* DATA BELOW:
--

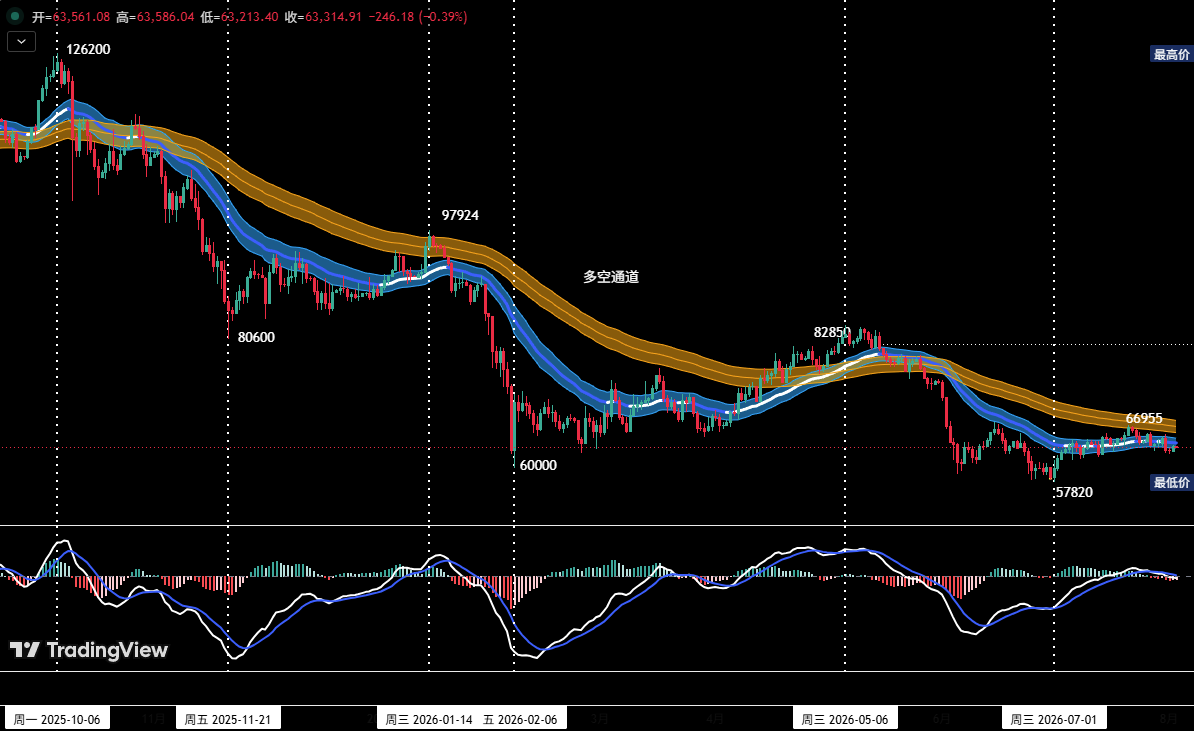 Bitcoin’s short-term correction persists, HYPE approaches key support | Analyst's Take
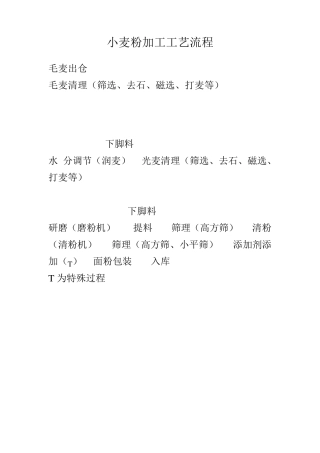 小麦粉加工工艺流程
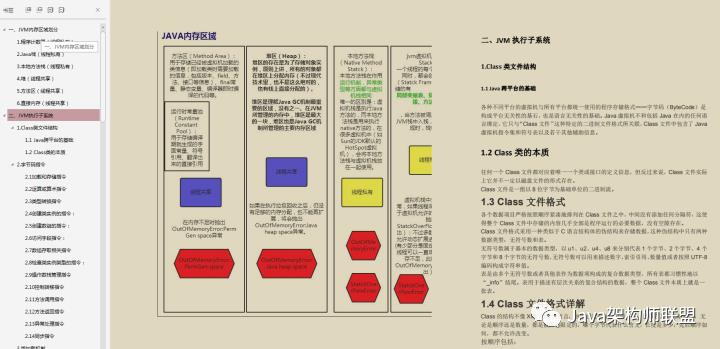 github上标星30.7K扣下来的最火面试题，“必备”挑战金九银十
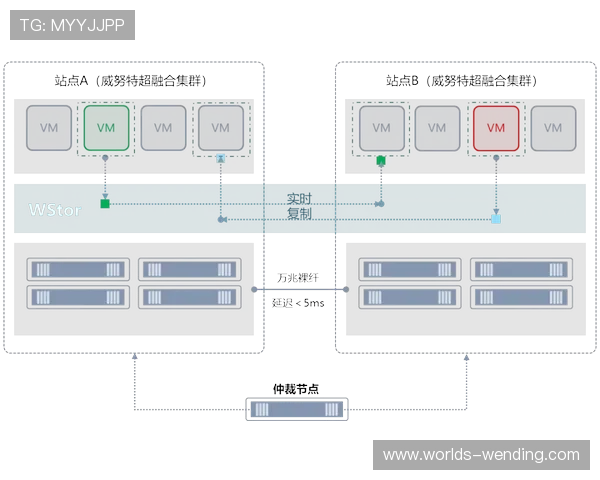 问鼎备用平台:提升企业灾备能力的全面解决方案 问鼎备用平台:提升企业灾备能力的全面解决方案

--

* WHAT TO WORK ON:
In your output, repeat the listing above exactly and include none of the pictures.

* SOLUTION TO THE PROBLEM:
 Bitcoin’s short-term correction persists, HYPE approaches key support | Analyst's Take
 小麦粉加工工艺流程
 github上标星30.7K扣下来的最火面试题，“必备”挑战金九银十
 问鼎备用平台:提升企业灾备能力的全面解决方案 问鼎备用平台:提升企业灾备能力的全面解决方案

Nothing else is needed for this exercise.